UNCLAS SECTION 01 OF 03 PRAGUE 001209 

SIPDIS

SENSITIVE

E.O. 12958: N/A
TAGS: PGOV EZ
SUBJECT: SMALL CZECH PARTIES AND THE 2006 ELECTION: 1 + 1
+ 1 + 1 = 0?

UNCLAS SECTION 01 OF 03 PRAGUE 001209

SIPDIS

SENSITIVE

E.O. 12958: N/A
TAGS: PGOV EZ
SUBJECT: SMALL CZECH PARTIES AND THE 2006 ELECTION: 1 + 1
+ 1 + 1 = 0?


1. (SBU) SUMMARY. The current consensus in political circles
in Prague says that there will be only four parties in
government after next June's elections and that likely
scenarios include a grand coalition between the Social
Democrats (CSSD) and the Civic Democrats (ODS),a minority
government, or an arrangement under which the Communists
(KSCM) support the Social Democrats. However, there are a
handful of small, primarily liberal parties that could make a
different scenario possible if they were to join forces and
together collect enough votes to make it over the 5%
threshold needed for entry into parliament. Post sat down
with former Prague Mayor Jan Kasl, who is trying to use his
party, the European Democrats (ED),as the umbrella
organization for such an attempt. Kasl faces a number of
problems including personal animosities, conflicting
ambitions, and lack of money. There is also the threat that
another small party could emerge as an alternative for
disaffected voters. A fallback position for Kasl would be to
unite only for the purposes of the local elections in Prague
next November. END SUMMARY


2. (U) In the 2002 elections, roughly 1 vote in 8 was cast
for parties that did not make it into parliament. Kasl
estimates that the level of dissatisfied or disaffected
voters looking for an alternative could be as high as 30
percent. Kasl believes that if personal differences can be
set aside, and adequate financing obtained, his group will
have no trouble getting more than 5 percent. Those are two
big ifs. Kasl's detractors say he lacks the drive and
pushiness to overcome these problems.

IT'S MY PARTY AND I'LL TRY IF I WANT TO

3.(U) Kasl established the ED in the summer of 2002 to
compete in the local elections in Prague. The party took 15
seats and came in 2nd to ODS, which refused to form a
coalition. ED is in the opposition in Prague. In the Spring
of 2003 ED expanded to regions outside Prague in order to run
for the EP elections in 2004. ED negotiated with SNK, the
Union of Independents, which was started in 2000 to allow
unaffiliated mayors to compete in regional elections. SNK won
2.8 percent of the votes in the 2002 elections for the lower
house and two seats in the 2002 Senate elections The joint
slate of ED-SNK won 11 percent of the vote and three seats in
the 2004 elections for the European Parliament. SNK's
political leader, Josef Zielenec, who led the joint ticket,

is now a member of the European Parliament.

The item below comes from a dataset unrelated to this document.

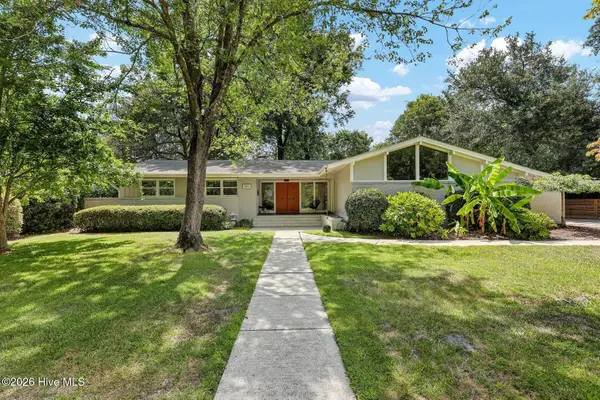 1810 Hawthorne Road, Wilmington, NC 28403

4. (SBU) Kasl finds Zielenec a divisive figure. Kasl said,
for example, that Senator Karel Schwarzenberg and economist
Jan Svejnar both refused to join the ED-SNK ticket for the
elections to the European Parliament because of Zielenec, who
some accuse of being ambitious and egotistical. Schwarzenberg
is the sole elected official for the ODA or Civic Democratic
Alliance. ODA broke away from the Civic Democrats in 1991,
to a large extent because of personal antipathy to then ODS
chairman and current President Vaclav Klaus. This still
makes cooperation with ODS difficult, if not impossible. ODA
currently has heavy debts and support among voters that
doesn't reach even one percent.


5. (SBU) Kasl finds a number of ideological similarities
between his party and the Greens, and ex-president Havel is
pushing to have the Greens as part of Kasl's plans. However,
Martin Bursik, who is likely to be the next chair of the
Greens, wants his party to run separately. The Greens
received 1.1 percent in the 1998 elections, 2.4 percent in
the 2002 elections, and 3.16 in the 2004 elections for the
European Parliament. Former war correspondent and human
rights activist Jaromir Stetina, though an independent, won a
seat to the Senate in 2004 on the Greens ticket and could be
expected to lend his support to Kasl's plan.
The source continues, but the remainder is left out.